═══ Dataset section ═══

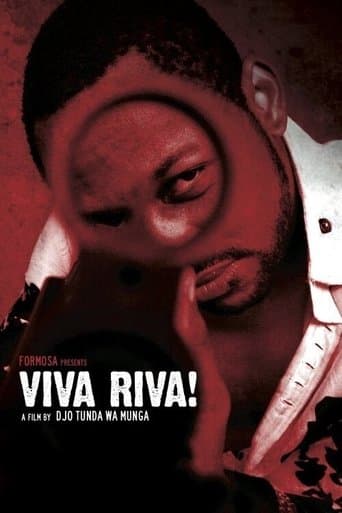 Movie poster for Viva Riva!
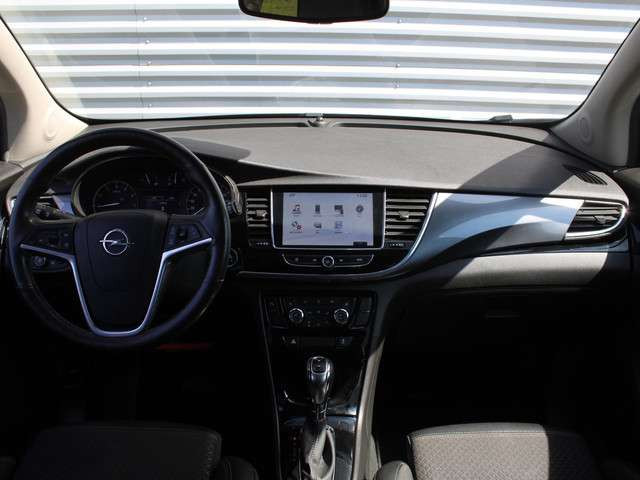 Opel Mokka X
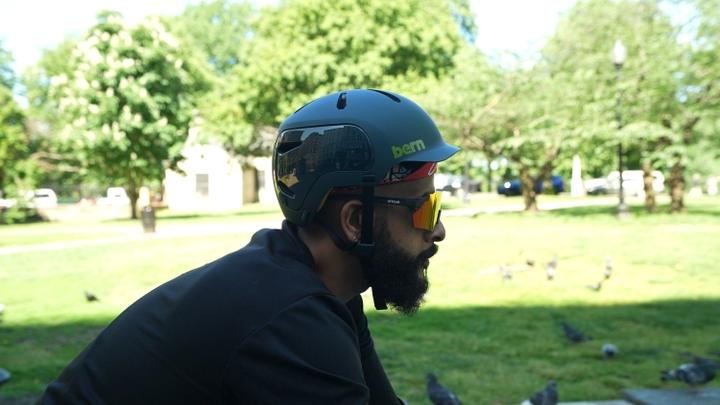 Actual product image Bern Watts 2.0 Mips (52 - 55 cm)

═══

_Exercise aim:_ Output the data above in full. Skip every picture.

_The answer:_
 Movie poster for Viva Riva!
 Opel Mokka X
 Actual product image Bern Watts 2.0 Mips (52 - 55 cm)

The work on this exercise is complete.